Case ID: nd_54/html/0087-01.html
Source: Caselaw Access Project
Author: {"author": "Biedzell, J.", "license": "Public Domain", "url": "https://static.case.law/"}
Date Created: 2024-08-24T03:29:51.129683

J. J. BREHER, Appellant, v. PHILIP HASE, Respondent.
    (208 N. W. 974.)
    Vendor and purchaser — contract for purchase of land on crop payment plan; lien on crop terminates with date of termination of contract.
    1. A contract between a vendor and a purchaser of land to lie paid for on the crop payment plan, which contained a stipulation subjecting the annual crops to a lien for the price and further stipulations maturing the balance of the purchase price and providing that the contract should terminate on a definite date, is construed and it is held that the contract does not provide for a lien upon a crop raised subsequent to the date of termination as fixed.
    Vendor and purchaser — evidence does not sustain allegation that there was separate contract for lion on land after termination of contract.
    2. The evidence is examined and held insufficient to show a separate contract for a lien upon a crop raised after the termination of the agreement according to its terms.
    Opinion filed May 1, 1926.
    Vendor and Purchaser, 39 Cyc. p. 1627 n. 75.

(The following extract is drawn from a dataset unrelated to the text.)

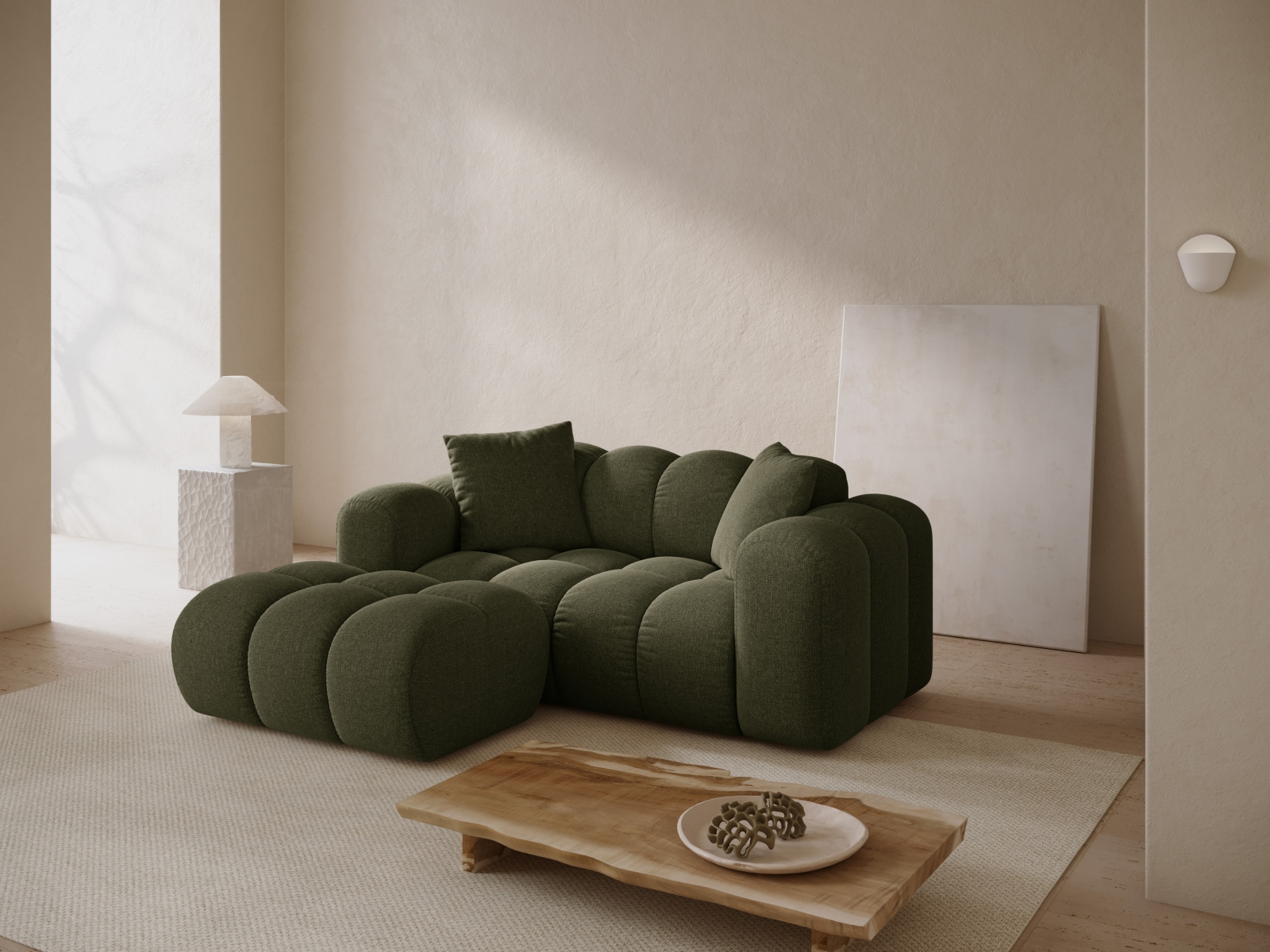Set mobilier tapițat Mondelo 105 (Eden 12)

    Appeal from tbe District Court of Sheridan County, Jansonius, J.
    Affirmed.
    
      Aloys W'artner, for appellant.
    “Where one sold to another a certain tract of land for a specified price payable in yearly instalments, the first of such instalments being-due December 1, 1910, and the last being due. December 1, 1913, and such contract contained a condition that, if default be made in any of the payments, then the whole of such purchase price and interest should become immediately due and payable; and default was made in the first payment, — the whole sum of such contract becomes’ immediately due and payable, and remained due and payable during the continuance of such default. Where such default continues, the payment due each year is not the amount specified in the contráct to be payable at a certain time each year, but the whole amount of the contract is due and payable each year.” Bentler v. Bryonjolfson, 38 N. D. 41, 165 N. W. 553.
    
      Peter A. Winter, for respondent.
    The primary rule in the construction of contracts is that the court must, if possible, ascertain and give effect to the mutual intention of the parties, so far as that may be done without contravention of legal principles. 13 C. J. 521; 150 Pac. 1094.
    Where a contract is ambiguous it will be construed most strongly against the party preparing it or employing the words concerning which doubt arises. 13 C. J. 545.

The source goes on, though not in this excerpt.